I have just returned from sunnier climes to find that the News of the World has been shut down, Rebekah Brooks arrested and the Murdochs ordered to appear before the House of Commons to answer questions about the phone hacking scandal. How I missed all this I do not know. And they call July the 'Silly Season' !
The Observer helpfully listed a number of questions they felt should be put to the Murdochs and Brooks. I have one or two of my own, not least 'what unbreakable appointment did Rupe and James have that meant they initially declined to come and account for themselves before our parliamentarians and had to be summonsed?'
Yesterday's proceedings were more about a media spectacle than really getting to the bottom of the issue and, if you will forgive the mixed metaphors, no smoking gun or knockout blows were found or landed. Frankly the MPs blew it.
We did have Murdoch senior claiming he wasn’t responsible and didn’t know anything about it.
I don’t buy this abrogation of responsibility. Murdoch’s empire been built on very aggressive and intrusive journalism. The phone hacking scandal is the sort of thing that happens when people have inadequate boundaries set.

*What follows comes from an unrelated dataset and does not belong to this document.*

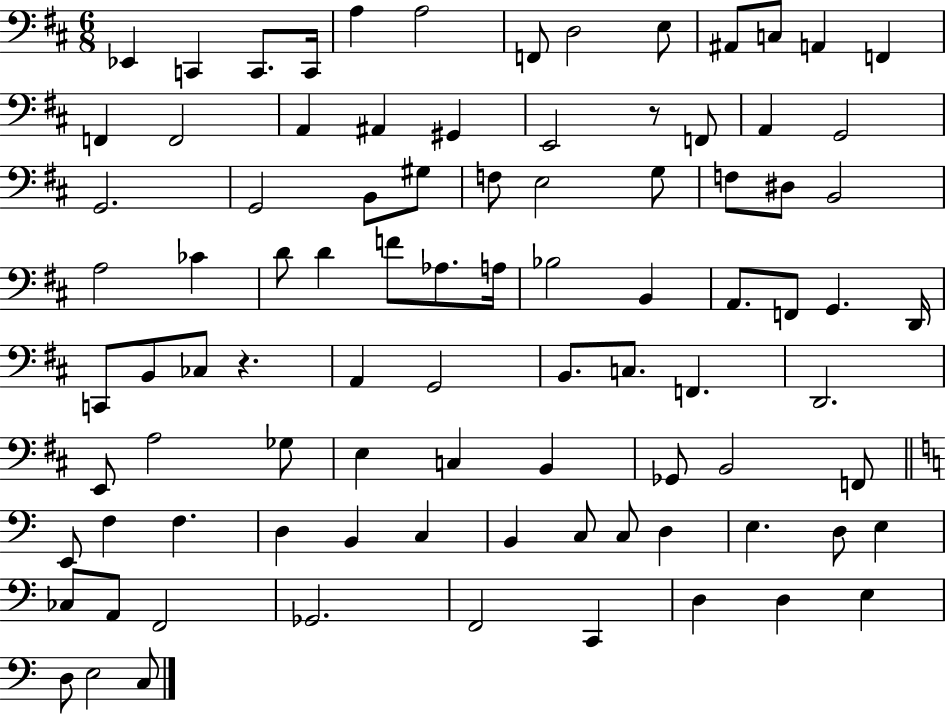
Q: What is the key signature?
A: D major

Fascinating though the proceedings were and with the upper echelons of Met in meltdown you have to ask where is this going to stop?
The hacking scandal has the feel of being to journalism what last year's expenses scandal was to party politics. As with that issue, I would urge caution in judging everyone in that profession harshly.

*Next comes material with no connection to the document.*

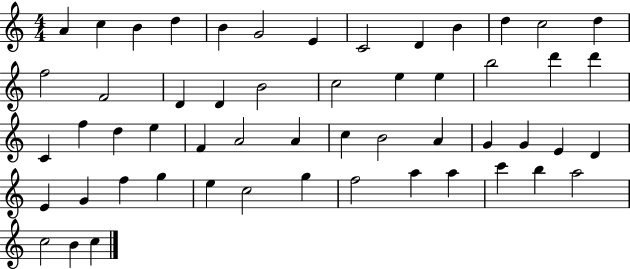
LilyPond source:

Most politicians are honourable people who are trying to do the best for their communities and countries. A few bad apples don’t spoil the whole barrel, as they say.

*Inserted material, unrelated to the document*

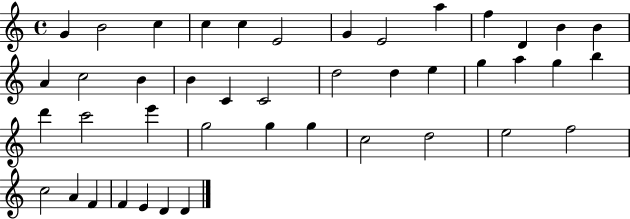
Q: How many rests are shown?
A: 0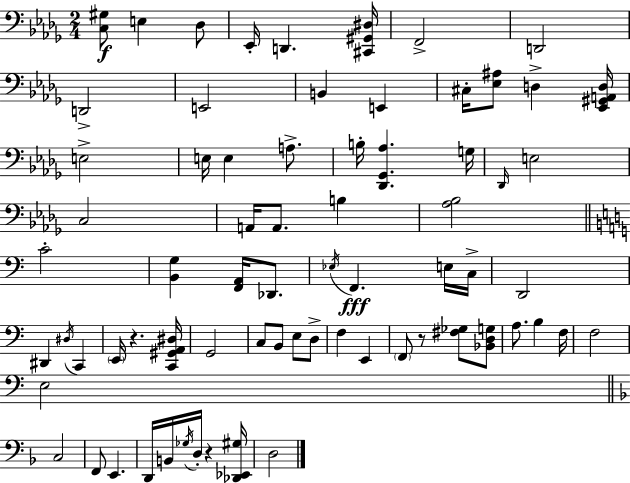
[C3,G#3]/e E3/q Db3/e Eb2/s D2/q. [C#2,G#2,D#3]/s F2/h D2/h D2/h E2/h B2/q E2/q C#3/s [Eb3,A#3]/e D3/q [Eb2,G#2,A2,D3]/s E3/h E3/s E3/q A3/e. B3/s [Db2,Gb2,Ab3]/q. G3/s Db2/s E3/h C3/h A2/s A2/e. B3/q [Ab3,Bb3]/h C4/h [B2,G3]/q [F2,A2]/s Db2/e. Eb3/s F2/q. E3/s C3/s D2/h D#2/q D#3/s C2/q E2/s R/q. [C2,G#2,A2,D#3]/s G2/h C3/e B2/e E3/e D3/e F3/q E2/q F2/e R/e [F#3,Gb3]/e [Bb2,D3,G3]/e A3/e. B3/q F3/s F3/h E3/h C3/h F2/e E2/q. D2/s B2/s Gb3/s D3/s R/q [Db2,Eb2,G#3]/s D3/h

The same is true of journalists. I have worked with many, many journalists over the years. With a tiny handful of exceptions, I have found them to be responsible and decent human beings whose contributions are every bit as important in a democracy as our elected politicians. They care passionately about getting the story right. Often they are trying to present complex information in understandable and succinct prose.
It is not an easy job and often that means reporting something that some one doesn't want us to know. As Newspaper Baron Lord Northcliffe once stated “News is something someone wants suppressed. Everything else is just advertising.”
The need to open up public life though stops short of allowing tabloids the right to carry out the sort of surveillance, that Harold Wilson, when he was PM, used to insist, needed cabinet minister level approval.
Most of the people whose phones were hacked were celebrities, which I would argue implies that the stories were too trivial to warrant the intrusion. That some were cabinet ministers meant that they were being spied on in a fashion that compromises security. Members of the public, including myself, have been appalled that murder victims' phones were hacked - this suggests an outstanding level of cynicism.
The Murdoch school of journalism is out on a limb in terms of the lengths they will go to get a story. I think that they are beyond the pale but don't throw the baby of a free press out with the bathwater by branding them all the same.